Air conditioners are the most common cooling solution implemented worldwide. “From a health perspective, use of air conditioning provides numerous benefits,” said authors. “Reduction in indoor temperatures dramatically alleviates heat strain. A working air conditioning unit in a home is the strongest protective factor against heat-related fatalities. In hospital wards, its presence reduces the risk of mortality during a heat extreme by 40%.” Yet, there are urban and rural disparities in access to air conditioners and affordability is also a concern.

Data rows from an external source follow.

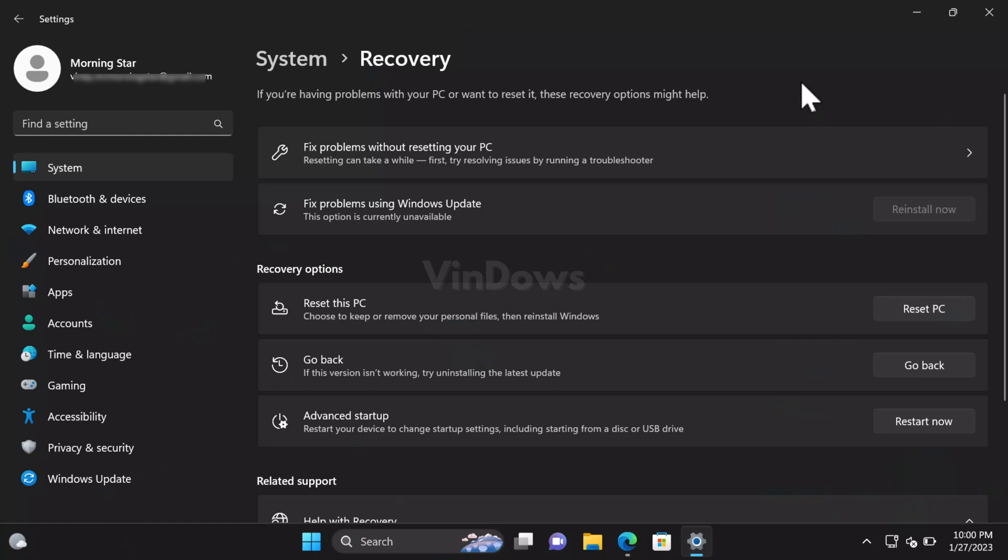Hello friends, welcome to Windows Club. In today's video, you'll learn how to enable the Fix Problems Using Windows Update option in Windows 11 Recovery Settings. Microsoft is internally testing a new Fix Problems Using Windows Update feature in Windows 11.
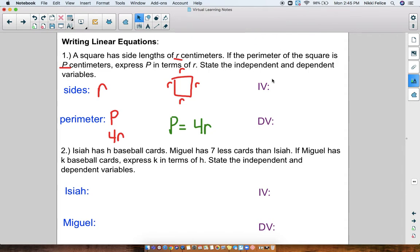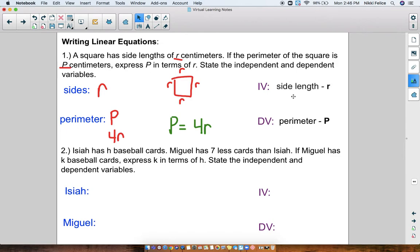I put IV for independent variable and DV for dependent variable. In this problem, the independent variable would be r, my side length, because I can't figure out the perimeter unless I know what the side length is. The perimeter is what depends on the side length — if I don't know the side length, I'll never be able to figure out the perimeter. That's why p is the dependent variable.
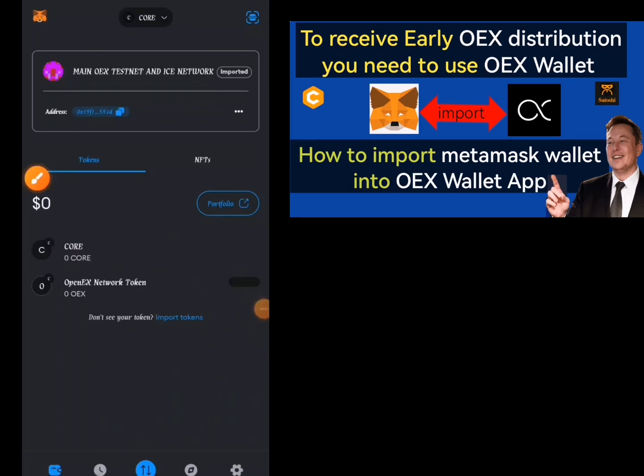This is a video on how to import your MetaMask wallet into your OEX app, and how to import your OEX app into your MetaMask wallet. First of all, we are going to import our MetaMask into the OEX app — that is the OpenX app. In order to do that, you need to get the private key of your MetaMask, then go over to your OEX and import the wallet.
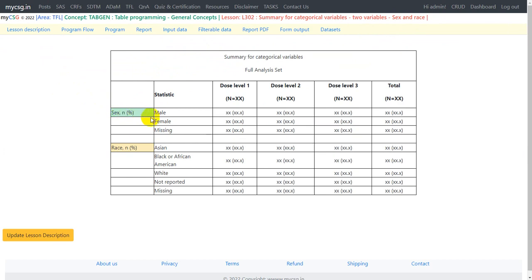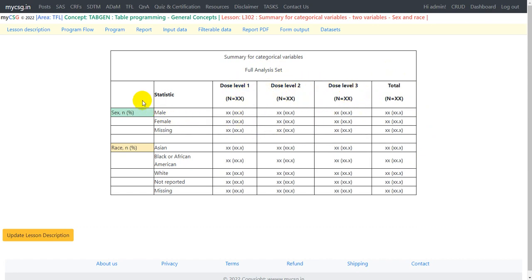Here we are summarizing the sex variable in terms of male, female, and missing, and race with values of Asian, Black or African American, White, Not Reported, and Missing. The statistics presented are the same as in the previous video: small n and percentage. Small n is the number of subjects with a particular level in the analysis variable, and percentage is small n divided by capital N, where capital N is the number of subjects in a particular treatment. We summarize each individual dose level and a total column, based on a parallel arm design using the full analysis set and planned treatment arm.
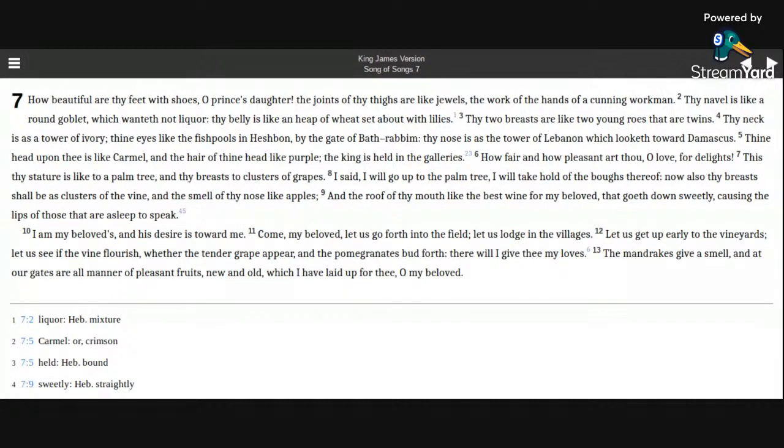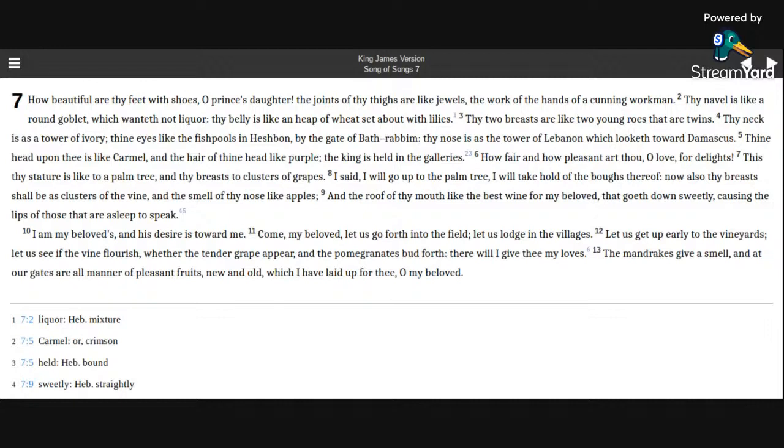Thine head upon thee is like Carmel, and the hair of thine head like purple. The king is held in the galleries. How fair and how pleasant art thou, O love, for the lights!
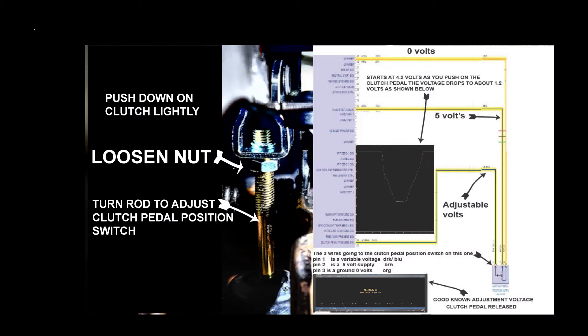You can see the rod and the nut. The nut you have to loosen up to move the rod in and out to adjust the pedal sensor. To the right is the schematic. It's pretty simple. Pause it if you need to look at it.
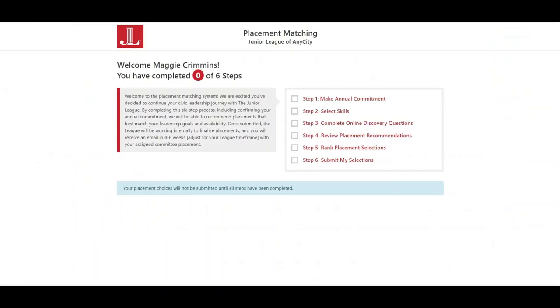This is the welcome page that the member will see once placement is open. The member will go through six steps during the placement process. You can see that this member has not yet begun the placement process. So let's go through these six steps together.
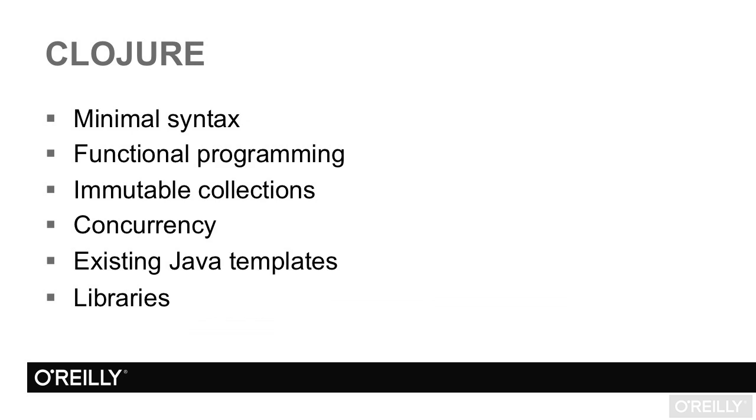You'll learn to see the power and clarity in Clojure's minimal syntax, functional programming facilities, and immutable collection types, even if you've never used a Lisp or functional language before.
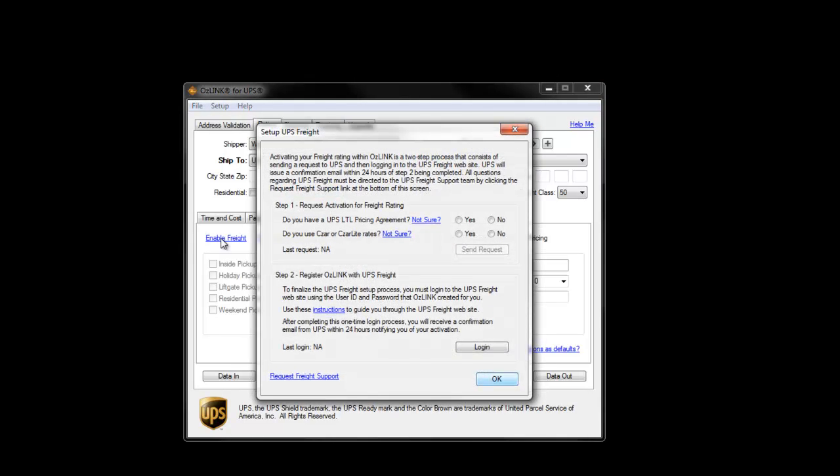This will bring up a screen consisting of two setup steps. Step number one consists of answering two questions: Yes, I have a contract with UPS for LTL pricing, and no, I do not use Zarlite rates. I'll then click the Send Request button. This will send a message off to the UPS LTL Freight Team, letting them know that you wish to view your negotiated rates for LTL.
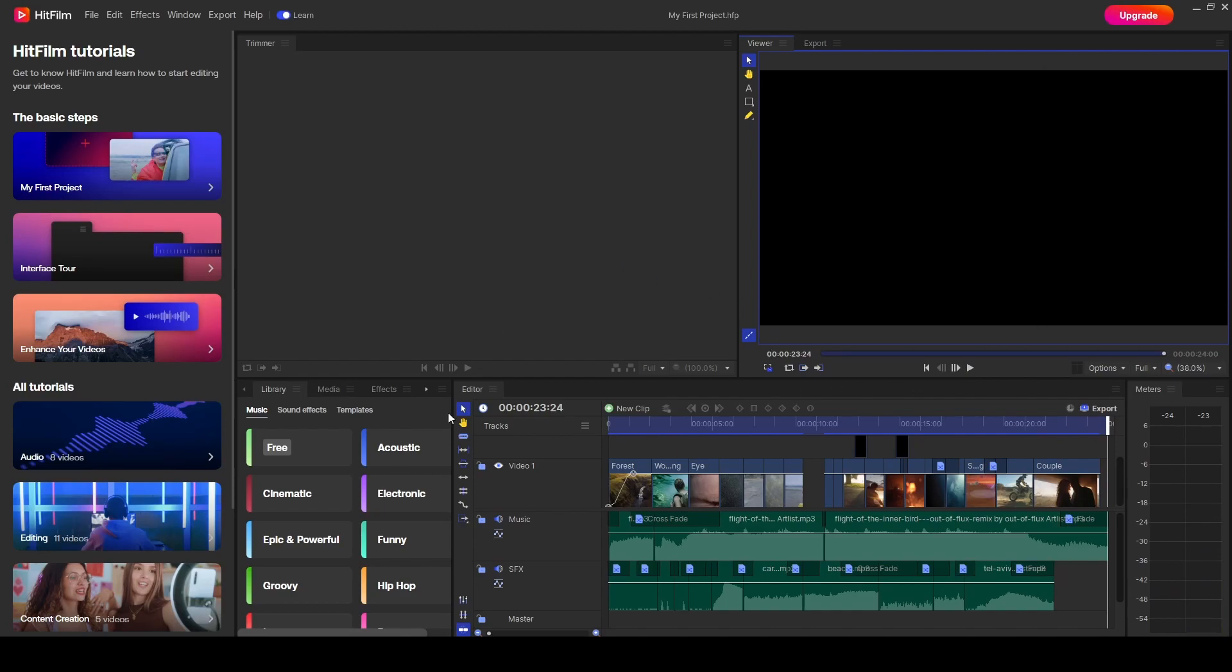Some people have created their first videos in here and they've then had the watermark appear, but they don't want to upgrade and thought you have to upgrade to remove the watermark. Well, that isn't the case.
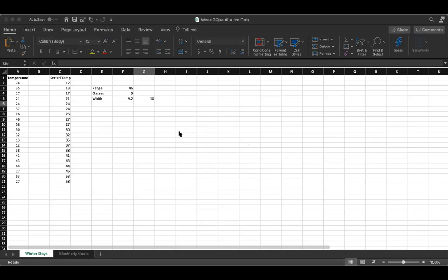Do you always round up? Yes, always round up. If you don't round up, what's going to happen is you'll miss out on some of the values. Always round up — that was a good question.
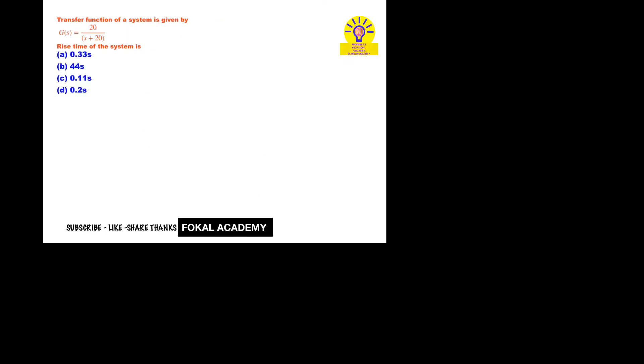Come to the problem. See here, a transfer function of a system is given by G(s) = 20/(s + 20). Then what is the rise time of the given system?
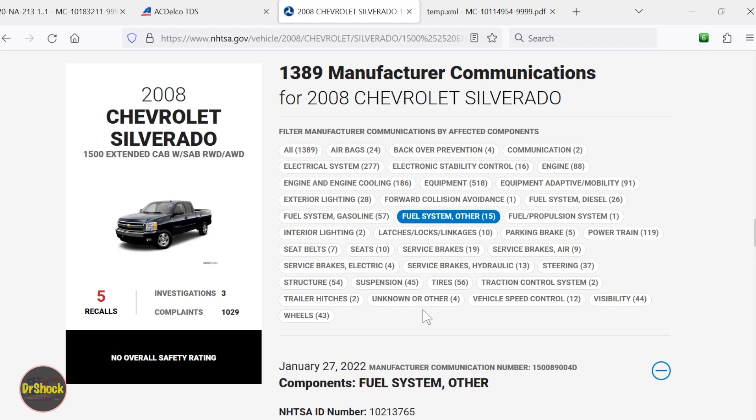Anyway, those are the two options. I hope you found this useful. If this saved you some time or money, pay it forward and hit that like button. I'd really appreciate it. And as always, thanks for watching.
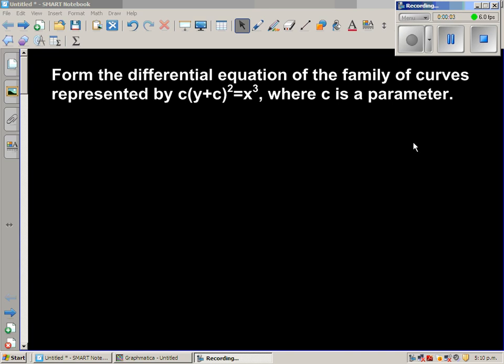Form the differential equation of the family of curves represented by the equation c times (y + c) squared is equal to x cubed, where c is a parameter.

According to the authors, identifying and implementing sustainable cooling strategies broadly accessible to all sections of society is a pressing need. “Not just air conditioners, in rural India, people cannot afford to buy air coolers too,” said Premsagar Tasgaonkar, a researcher with Watershed Organisation Trust that studied indoor and outdoor temperature in Maharashtra’s Yavatmal district and made policy recommendations like subsidies on air coolers during summers, building canopies and community halls every few kilometres, and getting people to use tiled roofs for better indoor temperatures.
The authors of the papers offered similar solutions such as fountains providing spray with moving water to accelerate evaporative cooling, bodies of water, large grasslands with trees, canopies located over outdoor areas among others. A Lancet countdown had estimated 31,000 heatrelated deaths of people above 65 in India in 2018.